__Action item__.
Please write out the listing below again in its exact form.
^^^^^^^^^^^^^^^^
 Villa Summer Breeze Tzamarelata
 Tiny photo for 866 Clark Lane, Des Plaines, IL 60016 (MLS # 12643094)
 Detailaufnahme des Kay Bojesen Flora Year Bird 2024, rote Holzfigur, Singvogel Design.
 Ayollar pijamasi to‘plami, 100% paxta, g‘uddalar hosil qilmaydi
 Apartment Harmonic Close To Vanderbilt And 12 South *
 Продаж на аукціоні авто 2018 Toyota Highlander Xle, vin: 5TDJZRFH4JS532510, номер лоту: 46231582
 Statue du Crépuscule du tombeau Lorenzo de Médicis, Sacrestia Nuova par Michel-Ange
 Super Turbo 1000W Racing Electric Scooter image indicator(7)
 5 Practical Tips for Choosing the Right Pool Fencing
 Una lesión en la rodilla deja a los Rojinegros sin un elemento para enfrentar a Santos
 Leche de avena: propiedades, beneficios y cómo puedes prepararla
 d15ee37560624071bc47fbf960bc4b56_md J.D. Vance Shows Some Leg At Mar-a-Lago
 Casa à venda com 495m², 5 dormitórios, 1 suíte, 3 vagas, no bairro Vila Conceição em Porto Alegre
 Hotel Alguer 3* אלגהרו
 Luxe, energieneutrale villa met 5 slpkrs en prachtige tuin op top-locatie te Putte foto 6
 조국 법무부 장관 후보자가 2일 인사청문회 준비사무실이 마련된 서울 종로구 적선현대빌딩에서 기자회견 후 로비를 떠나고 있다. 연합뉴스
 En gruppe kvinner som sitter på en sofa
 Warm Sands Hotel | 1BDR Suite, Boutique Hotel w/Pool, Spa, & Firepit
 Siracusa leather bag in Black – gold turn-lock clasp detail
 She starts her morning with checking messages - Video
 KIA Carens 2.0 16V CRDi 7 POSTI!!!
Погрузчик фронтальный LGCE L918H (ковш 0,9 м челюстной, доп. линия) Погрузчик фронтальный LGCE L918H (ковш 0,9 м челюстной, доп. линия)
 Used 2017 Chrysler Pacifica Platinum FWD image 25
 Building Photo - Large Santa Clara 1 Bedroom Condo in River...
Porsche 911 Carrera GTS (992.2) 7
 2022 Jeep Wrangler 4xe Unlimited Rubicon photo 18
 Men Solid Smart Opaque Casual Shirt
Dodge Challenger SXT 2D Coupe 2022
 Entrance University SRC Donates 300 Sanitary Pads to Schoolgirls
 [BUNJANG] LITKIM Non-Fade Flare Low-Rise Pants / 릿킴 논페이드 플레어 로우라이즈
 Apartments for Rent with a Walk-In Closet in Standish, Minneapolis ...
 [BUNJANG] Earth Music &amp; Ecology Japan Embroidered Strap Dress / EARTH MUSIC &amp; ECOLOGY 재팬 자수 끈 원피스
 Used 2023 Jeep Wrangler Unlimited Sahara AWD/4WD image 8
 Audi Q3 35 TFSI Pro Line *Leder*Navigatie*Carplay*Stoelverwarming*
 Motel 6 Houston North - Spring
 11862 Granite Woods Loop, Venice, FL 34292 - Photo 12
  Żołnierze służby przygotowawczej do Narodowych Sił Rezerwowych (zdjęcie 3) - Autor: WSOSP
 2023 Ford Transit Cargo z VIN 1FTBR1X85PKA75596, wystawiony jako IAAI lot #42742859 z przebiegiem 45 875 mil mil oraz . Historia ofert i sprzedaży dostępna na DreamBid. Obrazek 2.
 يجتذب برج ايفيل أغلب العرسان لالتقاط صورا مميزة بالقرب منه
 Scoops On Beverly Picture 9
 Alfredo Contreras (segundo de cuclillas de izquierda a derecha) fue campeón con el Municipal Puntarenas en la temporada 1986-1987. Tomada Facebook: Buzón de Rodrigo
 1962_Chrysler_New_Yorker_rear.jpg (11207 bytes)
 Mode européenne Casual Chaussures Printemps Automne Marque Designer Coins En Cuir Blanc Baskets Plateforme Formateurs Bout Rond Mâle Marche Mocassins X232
^^^^^^^^^^^^^^^^
__Response area__.
 Villa Summer Breeze Tzamarelata
 Tiny photo for 866 Clark Lane, Des Plaines, IL 60016 (MLS # 12643094)
 Detailaufnahme des Kay Bojesen Flora Year Bird 2024, rote Holzfigur, Singvogel Design.
 Ayollar pijamasi to‘plami, 100% paxta, g‘uddalar hosil qilmaydi
 Apartment Harmonic Close To Vanderbilt And 12 South *
 Продаж на аукціоні авто 2018 Toyota Highlander Xle, vin: 5TDJZRFH4JS532510, номер лоту: 46231582
 Statue du Crépuscule du tombeau Lorenzo de Médicis, Sacrestia Nuova par Michel-Ange
 Super Turbo 1000W Racing Electric Scooter image indicator(7)
 5 Practical Tips for Choosing the Right Pool Fencing
 Una lesión en la rodilla deja a los Rojinegros sin un elemento para enfrentar a Santos
 Leche de avena: propiedades, beneficios y cómo puedes prepararla
 d15ee37560624071bc47fbf960bc4b56_md J.D. Vance Shows Some Leg At Mar-a-Lago
 Casa à venda com 495m², 5 dormitórios, 1 suíte, 3 vagas, no bairro Vila Conceição em Porto Alegre
 Hotel Alguer 3* אלגהרו
 Luxe, energieneutrale villa met 5 slpkrs en prachtige tuin op top-locatie te Putte foto 6
 조국 법무부 장관 후보자가 2일 인사청문회 준비사무실이 마련된 서울 종로구 적선현대빌딩에서 기자회견 후 로비를 떠나고 있다. 연합뉴스
 En gruppe kvinner som sitter på en sofa
 Warm Sands Hotel | 1BDR Suite, Boutique Hotel w/Pool, Spa, & Firepit
 Siracusa leather bag in Black – gold turn-lock clasp detail
 She starts her morning with checking messages - Video
 KIA Carens 2.0 16V CRDi 7 POSTI!!!
Погрузчик фронтальный LGCE L918H (ковш 0,9 м челюстной, доп. линия) Погрузчик фронтальный LGCE L918H (ковш 0,9 м челюстной, доп. линия)
 Used 2017 Chrysler Pacifica Platinum FWD image 25
 Building Photo - Large Santa Clara 1 Bedroom Condo in River...
Porsche 911 Carrera GTS (992.2) 7
 2022 Jeep Wrangler 4xe Unlimited Rubicon photo 18
 Men Solid Smart Opaque Casual Shirt
Dodge Challenger SXT 2D Coupe 2022
 Entrance University SRC Donates 300 Sanitary Pads to Schoolgirls
 [BUNJANG] LITKIM Non-Fade Flare Low-Rise Pants / 릿킴 논페이드 플레어 로우라이즈
 Apartments for Rent with a Walk-In Closet in Standish, Minneapolis ...
 [BUNJANG] Earth Music &amp; Ecology Japan Embroidered Strap Dress / EARTH MUSIC &amp; ECOLOGY 재팬 자수 끈 원피스
 Used 2023 Jeep Wrangler Unlimited Sahara AWD/4WD image 8
 Audi Q3 35 TFSI Pro Line *Leder*Navigatie*Carplay*Stoelverwarming*
 Motel 6 Houston North - Spring
 11862 Granite Woods Loop, Venice, FL 34292 - Photo 12
  Żołnierze służby przygotowawczej do Narodowych Sił Rezerwowych (zdjęcie 3) - Autor: WSOSP
 2023 Ford Transit Cargo z VIN 1FTBR1X85PKA75596, wystawiony jako IAAI lot #42742859 z przebiegiem 45 875 mil mil oraz . Historia ofert i sprzedaży dostępna na DreamBid. Obrazek 2.
 يجتذب برج ايفيل أغلب العرسان لالتقاط صورا مميزة بالقرب منه
 Scoops On Beverly Picture 9
 Alfredo Contreras (segundo de cuclillas de izquierda a derecha) fue campeón con el Municipal Puntarenas en la temporada 1986-1987. Tomada Facebook: Buzón de Rodrigo
 1962_Chrysler_New_Yorker_rear.jpg (11207 bytes)
 Mode européenne Casual Chaussures Printemps Automne Marque Designer Coins En Cuir Blanc Baskets Plateforme Formateurs Bout Rond Mâle Marche Mocassins X232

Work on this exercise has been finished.